[Data to process]

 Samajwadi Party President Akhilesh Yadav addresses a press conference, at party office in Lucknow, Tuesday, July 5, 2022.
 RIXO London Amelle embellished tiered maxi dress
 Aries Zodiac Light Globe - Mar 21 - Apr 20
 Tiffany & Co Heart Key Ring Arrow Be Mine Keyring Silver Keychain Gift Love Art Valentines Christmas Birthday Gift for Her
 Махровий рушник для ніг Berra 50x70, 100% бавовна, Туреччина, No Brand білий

[/Data to process]
[Data to process]

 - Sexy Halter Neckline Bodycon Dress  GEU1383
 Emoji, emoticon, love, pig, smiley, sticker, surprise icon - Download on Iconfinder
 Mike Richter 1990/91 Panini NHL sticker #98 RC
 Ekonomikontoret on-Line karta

[/Data to process]
[Data to process]

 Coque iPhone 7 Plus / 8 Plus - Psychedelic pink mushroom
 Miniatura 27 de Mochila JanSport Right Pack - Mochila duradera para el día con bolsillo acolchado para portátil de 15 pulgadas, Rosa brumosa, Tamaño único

[/Data to process]

- _Aim of the exercise_
Check every line of the data and give the number of them that hold the string "sticker", with no other words.

- _Expected answer_
2